__DATA FOR THIS TASK__
-=-=-=-=-

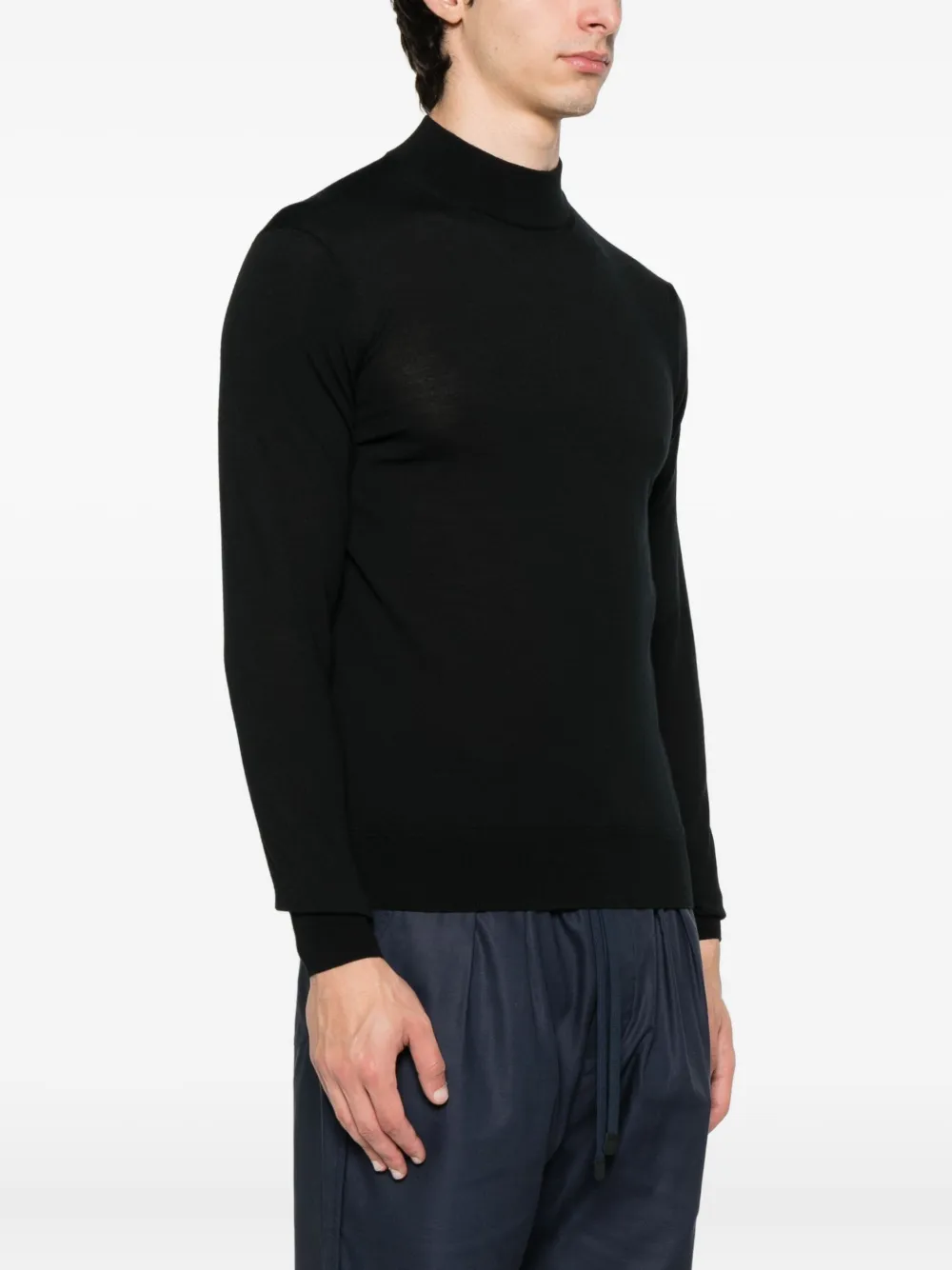 TOM FORD Wollen trui met hoge hals Zwart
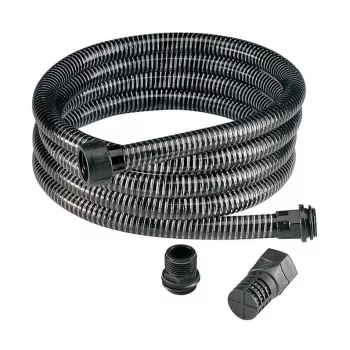 IMULETKU Tubo di aspirazione per carichi pesanti 7m in PVC rinforzato con valvola di fondo e fascette, 1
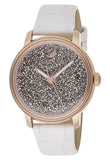 Buy Shop Swarovski Crystalline Hours Quartz Grey Dial Black Leather Strap Watch for Women - 5344635 USA Online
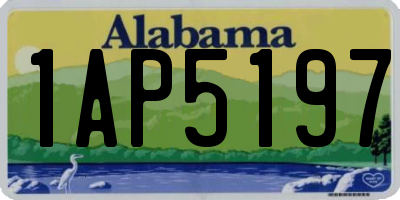 AL license plate 1AP5197
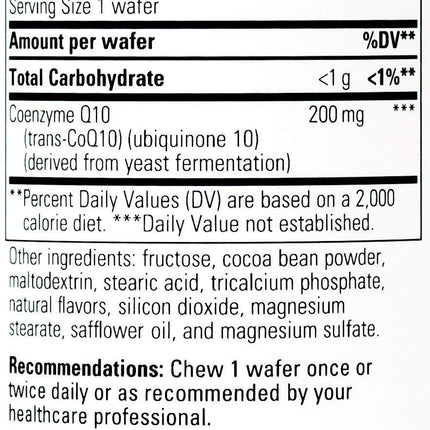 Vitaline CoQ10 200 mg – Brain & Heart Health (Chocolate, 30 Servings)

-=-=-=-=-

Should a picture appear among the entries, skip it and copy the rest exactly.

 TOM FORD Wollen trui met hoge hals Zwart
 IMULETKU Tubo di aspirazione per carichi pesanti 7m in PVC rinforzato con valvola di fondo e fascette, 1
 Buy Shop Swarovski Crystalline Hours Quartz Grey Dial Black Leather Strap Watch for Women - 5344635 USA Online
 AL license plate 1AP5197
 Vitaline CoQ10 200 mg – Brain & Heart Health (Chocolate, 30 Servings)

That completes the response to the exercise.